Ok so we didn't milk last night and we waited until this morning to start fresh on the twice a day schedule & this am I got about 13 ounces. I venture to say that when we try to milk her tonight we won't get too much but I will make sure to get all we can to get her back into the mode of producing. I'll keep y'all posted I hope it all comes true that we will get at least 12 ounces twice a day. Thank you all


----------



## afullacre (Mar 17, 2015)

I have also read from a few different sources that it doesn't necessarily have to be 12 hours apart it could be 9 10 or 14 hours apart as long as you stick to the same time 8 a.m. and 9 p.m. or 7 a.m. and 9 p.m. xcetera. What are your thoughts on that?


----------



## Hollowdweller (May 5, 2011)

12oz is LOW. 

I'm milking 4 and the average is 12 LBS per doe!


----------



## ksalvagno (Oct 6, 2009)

If you don't have a heavy producer, you can get away with a different schedule than every 12 hours. I do not always get out there perfectly every 12 hours.


----------



## Little-Bits-N-Pieces (Apr 7, 2013)

Hollowdweller said:


> 12oz is LOW.
> 
> I'm milking 4 and the average is 12 LBS per doe!
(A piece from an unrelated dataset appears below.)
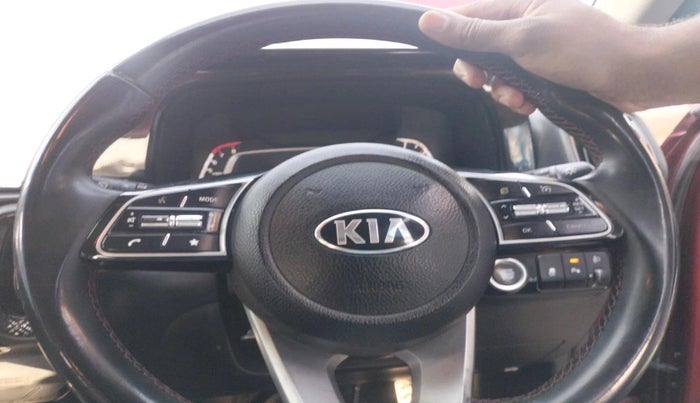 2020 KIA SONET GTX PLUS 1.0 IMT, Petrol, Manual, 1,30,617 km, interior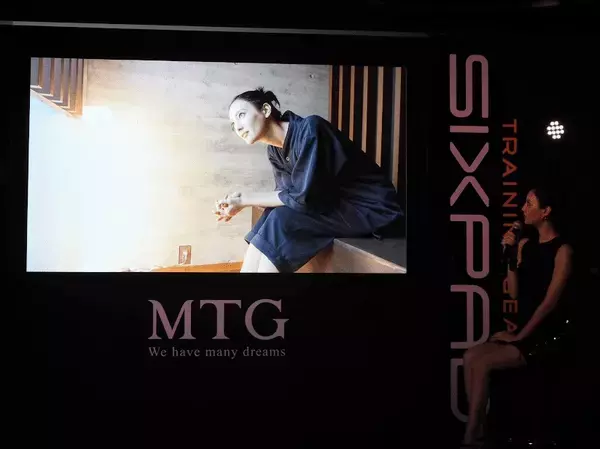 菜々緒ボディも夢じゃない!?たったの15分でトレーニングできる次世代ジム「SIXPAD STATION」って？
She might not be milking a standard breed, it could be a Nigerian, a pygmy, some other mini....


----------



## afullacre (Mar 17, 2015)

Nigerian


----------



## afullacre (Mar 17, 2015)

OK, we have gone to twice a day and are getting only 5 oz each time. But we are keeping at it...hoping all this is true and her production will go up. onder:


----------



## Little-Bits-N-Pieces (Apr 7, 2013)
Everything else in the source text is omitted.